Plato, in contrast, held that the world was organised by permanent forms, reflected imperfectly in matter; forms provided direction or intelligence, explaining the regularities observed in the world.
The mechanistic materialism that originated in ancient Greece was revived and revised by the French philosopher René Descartes, who held that animals and humans were assemblages of parts that together functioned as a machine. Gottfried Wilhelm Leibniz emphasised the hierarchical organization of living machines, noting in his book Monadology that "...the machines of nature, that is living bodies, are still machines in their smallest parts, to infinity." This idea was developed further by Julien Offray de La Mettrie in his book L'Homme Machine. In the 19th century the advances in cell theory in biological science encouraged this view. The evolutionary theory of Charles Darwin is a mechanistic explanation for the origin of species by means of natural selection. At the beginning of the 20th century Stéphane Leduc promoted the idea that biological processes could be understood in terms of physics and chemistry, and that their growth resembled that of inorganic crystals immersed in solutions of sodium silicate.

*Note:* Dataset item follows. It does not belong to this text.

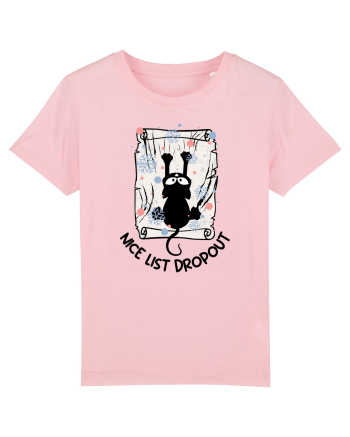 NICE LIST DROPOUT Cotton Pink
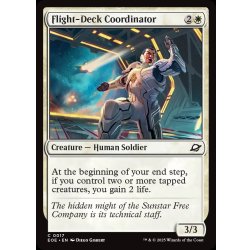画像1: 【ENG】飛行甲板の調整役/Flight-Deck Coordinator[MTG_EOE_0017_C]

His ideas, set out in his book La biologie synthétique, were widely dismissed during his lifetime, but has incurred a resurgence of interest in the work of Russell, Barge and colleagues.
Hylomorphism
Hylomorphism is a theory first expressed by the Greek philosopher Aristotle. The application of hylomorphism to biology was important to Aristotle, and biology is extensively covered in his extant writings. In this view, everything in the material universe has both matter and form, and the form of a living thing is its soul. There are three kinds of souls: the vegetative soul of plants, which causes them to grow and decay and nourish themselves, but does not cause motion and sensation; the animal soul, which causes animals to move and feel; and the rational soul, which is the source of consciousness and reasoning, which is found only in man. Each higher soul has all of the attributes of the lower ones. Aristotle believed that while matter can exist without form, form cannot exist without matter, and that therefore the soul cannot exist without the body.This account is consistent with teleological explanations of life, which account for phenomena in terms of purpose or goal-directedness. Thus, the whiteness of the polar bear's coat is explained by its purpose of camouflage. The direction of causality is in contradiction with the scientific evidence for natural selection, which explains the consequence in terms of a prior cause. Biological features are explained not by looking at future optimal results, but by looking at the past evolutionary history of a species, which led to the natural selection of the features in question.